[About this exercise]
Would you transcribe exactly the lines from the one containing "Prowow Simple Ivory" to the last line of the data below, both ends included, but none of the pictures?

** Opening Supplied information block **

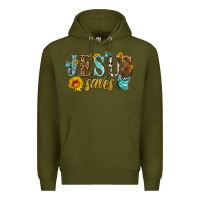 Army Green jesus saves Premium Hoodie - HRA Design Shop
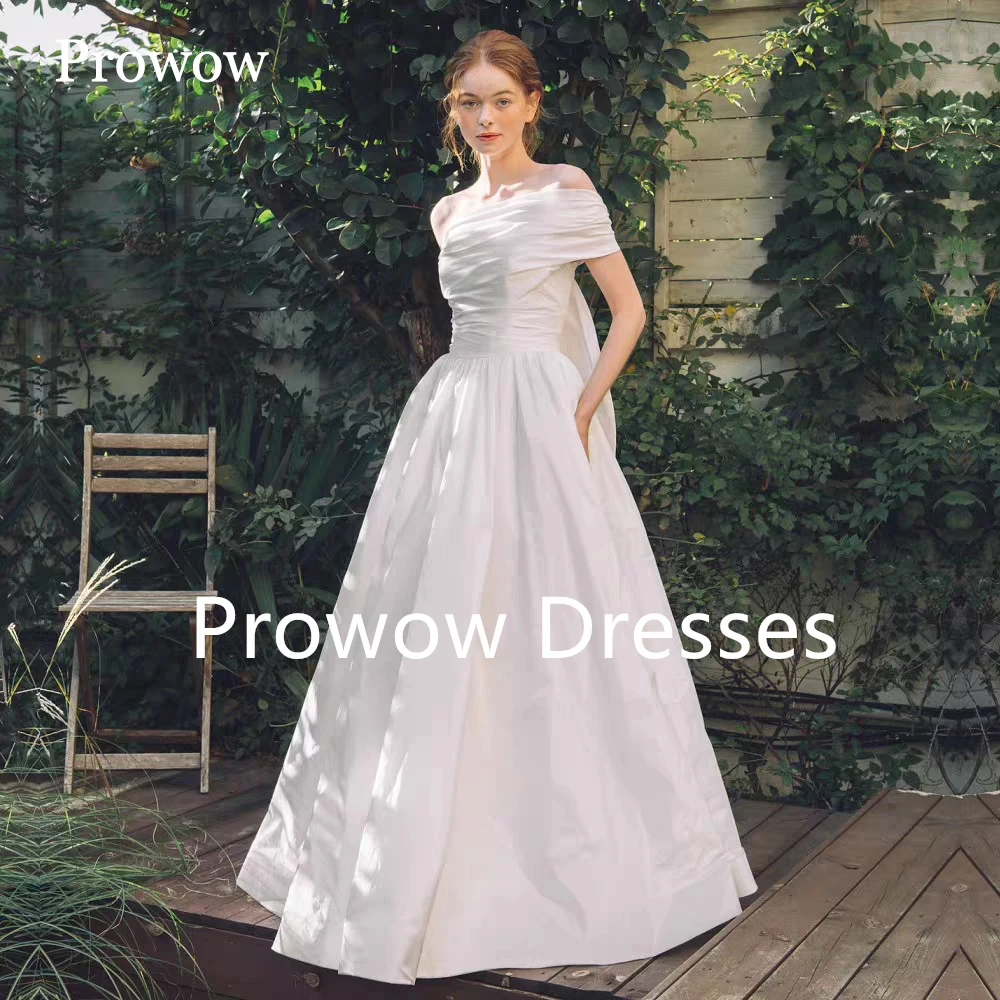 Prowow Simple Ivory A Line Wedding Dress Korea Photoshoot Pleats Taffeta Floor Length Bridal Gown With Bolero Customized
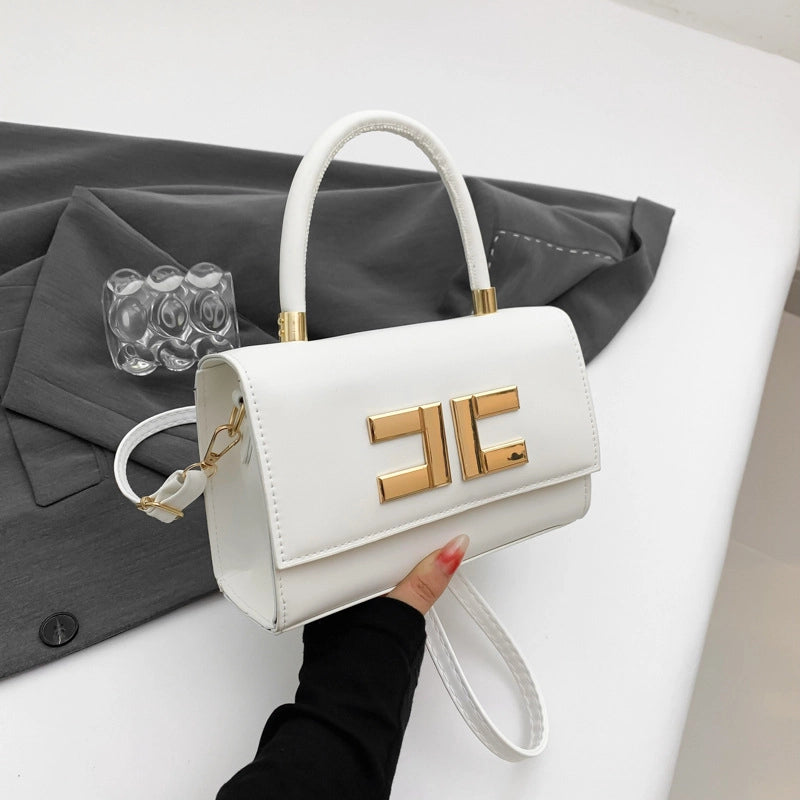 Women's Small Pu Leather Solid Color Streetwear Sewing Thread Square Flip Cover Square Bag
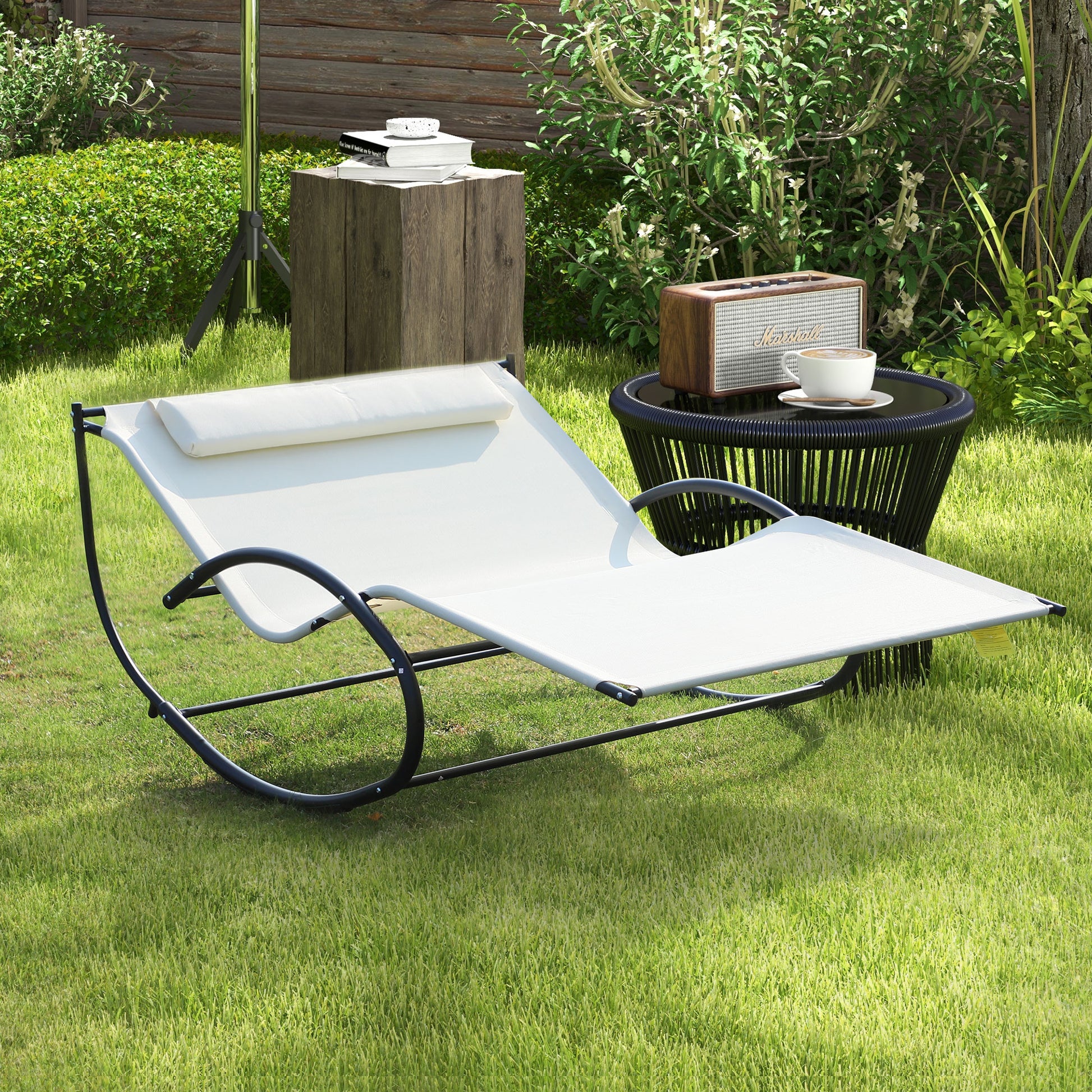 Double Chaise Lounger Garden Rocker Sun Bed Outdoor Hammock Chair Texteline with Pillow Cream White Lounger Chairs Cream  at Gallery Canada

** Closing Supplied information block **

[Response to this exercise]
 Prowow Simple Ivory A Line Wedding Dress Korea Photoshoot Pleats Taffeta Floor Length Bridal Gown With Bolero Customized
 Women's Small Pu Leather Solid Color Streetwear Sewing Thread Square Flip Cover Square Bag
 Double Chaise Lounger Garden Rocker Sun Bed Outdoor Hammock Chair Texteline with Pillow Cream White Lounger Chairs Cream  at Gallery Canada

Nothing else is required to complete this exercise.